AWESOME! IT WORKED! thanks a bunch for finding this out for the rest of us. I too only removed the #24 fuse on the driver's side and it reset everything... let's just hope that's all that has to be done and that i won't have to be taking the Egg to the dealership to have the module replaced...
http://****************.com/smile/emthup.gif














to all... James


----------



## wkaml (Jan 12, 2003)

*Re: For those who lost the "Tyre" option off their MFI, I found a fix! ----> (racer08)*


_Quote, originally posted by *racer08* »_Next go to the driver's side and remove fuse #24 (should be a 5amp fuse which mine was) check to make sure it's not blown. Next start the engine and you should get an alarm on your MFI that there is a problem with the Tire Pressure Monitoring System. Turn the engine to the off position and replace the fuses back to their original positions and restart the car. You should now have the "Tyre" option back on your display again. 
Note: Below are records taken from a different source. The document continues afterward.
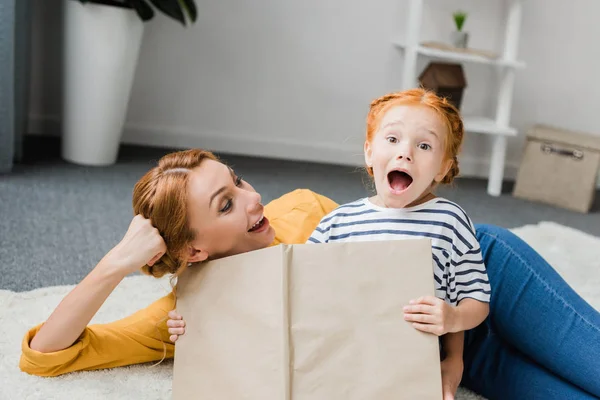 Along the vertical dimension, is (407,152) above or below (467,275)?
above

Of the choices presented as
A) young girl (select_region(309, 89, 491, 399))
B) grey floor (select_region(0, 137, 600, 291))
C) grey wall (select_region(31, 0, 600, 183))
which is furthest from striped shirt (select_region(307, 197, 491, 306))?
grey wall (select_region(31, 0, 600, 183))

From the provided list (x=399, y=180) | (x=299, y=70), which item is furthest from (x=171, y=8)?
(x=399, y=180)

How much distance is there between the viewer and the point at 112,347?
1.16 m

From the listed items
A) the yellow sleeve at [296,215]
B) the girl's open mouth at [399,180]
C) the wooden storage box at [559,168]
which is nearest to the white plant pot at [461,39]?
the wooden storage box at [559,168]

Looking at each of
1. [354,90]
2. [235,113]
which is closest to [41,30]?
[235,113]

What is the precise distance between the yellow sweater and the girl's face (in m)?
0.34

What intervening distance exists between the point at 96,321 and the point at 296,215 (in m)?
0.42

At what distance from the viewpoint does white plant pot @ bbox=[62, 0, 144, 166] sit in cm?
252

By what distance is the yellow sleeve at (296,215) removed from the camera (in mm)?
1325

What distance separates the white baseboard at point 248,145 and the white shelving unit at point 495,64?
0.26m

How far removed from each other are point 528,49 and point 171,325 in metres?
2.57

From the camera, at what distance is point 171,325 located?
102 centimetres

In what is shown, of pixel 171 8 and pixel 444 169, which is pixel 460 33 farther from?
pixel 444 169

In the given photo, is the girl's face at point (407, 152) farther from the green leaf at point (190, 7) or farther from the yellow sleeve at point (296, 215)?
the green leaf at point (190, 7) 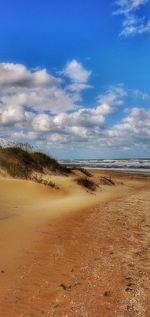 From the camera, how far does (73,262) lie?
6945 mm

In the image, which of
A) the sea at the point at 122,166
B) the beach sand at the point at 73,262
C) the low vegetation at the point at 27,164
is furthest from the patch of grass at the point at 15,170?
the sea at the point at 122,166

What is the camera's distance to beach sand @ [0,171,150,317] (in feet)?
16.4

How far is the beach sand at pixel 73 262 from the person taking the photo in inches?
197

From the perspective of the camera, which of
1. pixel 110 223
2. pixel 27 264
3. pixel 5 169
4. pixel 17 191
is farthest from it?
pixel 5 169

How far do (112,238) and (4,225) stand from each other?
9.33 ft

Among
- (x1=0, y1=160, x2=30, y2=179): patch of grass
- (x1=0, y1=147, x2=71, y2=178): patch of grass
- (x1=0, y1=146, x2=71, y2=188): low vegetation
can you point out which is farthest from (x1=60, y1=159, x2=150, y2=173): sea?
(x1=0, y1=160, x2=30, y2=179): patch of grass

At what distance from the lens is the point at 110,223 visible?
11.3m

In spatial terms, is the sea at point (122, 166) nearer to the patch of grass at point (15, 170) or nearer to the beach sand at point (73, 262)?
the patch of grass at point (15, 170)

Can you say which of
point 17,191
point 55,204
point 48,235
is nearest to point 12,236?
point 48,235

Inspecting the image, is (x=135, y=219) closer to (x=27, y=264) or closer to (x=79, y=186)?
(x=27, y=264)

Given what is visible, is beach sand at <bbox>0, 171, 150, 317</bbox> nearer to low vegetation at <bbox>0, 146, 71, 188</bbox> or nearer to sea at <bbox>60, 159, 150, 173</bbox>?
low vegetation at <bbox>0, 146, 71, 188</bbox>

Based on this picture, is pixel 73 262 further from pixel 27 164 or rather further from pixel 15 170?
pixel 27 164

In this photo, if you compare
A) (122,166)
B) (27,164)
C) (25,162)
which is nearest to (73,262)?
(25,162)

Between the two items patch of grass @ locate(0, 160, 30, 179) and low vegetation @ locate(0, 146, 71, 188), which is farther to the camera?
low vegetation @ locate(0, 146, 71, 188) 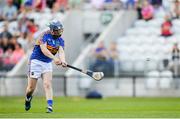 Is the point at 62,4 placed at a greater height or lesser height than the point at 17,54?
greater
Pulling fuse #24 on driver's side, starting engine, turning it off, putting fuse back in its location did work on my Touareg. It brought the tire pressure monitoring system back alive.


----------



## zbwmy (Jan 3, 2004)

This just happened to me also after having car in for service (tranny flash). Did the fuse thing and MFI item is back. Thanks everyone, can't wait to tell service I fixed it myself.


----------



## bravocharlie (Nov 14, 2003)

*Re: (zbwmy)*

Geeze, where have you been hiding?


----------



## zbwmy (Jan 3, 2004)

Touring with Bruce!


----------



## dinkydow (Jan 22, 2007)

*Re: (zbwmy)*

ZBWMY, What did you have to pay for the tranny flush from the dealer? I asked a dealer to do it and he said "your wasting your money", however, I know having the flush is wise!!


----------



## denm33 (May 29, 2007)

*Re: For those who lost the "Tyre" option off their MFI, I found a fix! ----> (racer08)*

I have an 05 v8 with package 1. I just got the truck, and I cannot see the tpms in my mfi. The way the manual reads, I should have this. 
I just tried the drivers side #24 fuse unplug/plug fix, and the warning that I got was "Check Lights" as soon as I started the car with #24 removed. 
I did not see the TPMS come up after I did the procedure. 
Can anyone tell me if TPMS is an option for an 05? I thought that it was, and that is why I can't see it. 
Thanks for any advice.


----------



## captainburg (Oct 19, 2005)

*Re: For those who lost the "Tyre" option off their MFI, I found a fix! ----> (denm33)*

Yes TPMS is a option for all years


----------



## 03VDUB (Sep 13, 2003)

*Re: For those who lost the "Tyre" option off their MFI, I found a fix! ----> (captainburg)*


_Quote, originally posted by *captainburg* »_Yes TPMS is a option for all years

Bringing back an old one, but i have a quick question. 
Is it possible for a 05 V8 loaded touareg to NOT have TPMS?


----------



## Phagus (Aug 5, 2003)

*Re: For those who lost the "Tyre" option off their MFI, I found a fix! ----> (03VDUB)*


_Quote, originally posted by *03VDUB* »_
Bringing back an old one, but i have a quick question. 
Is it possible for a 05 V8 loaded touareg to NOT have TPMS?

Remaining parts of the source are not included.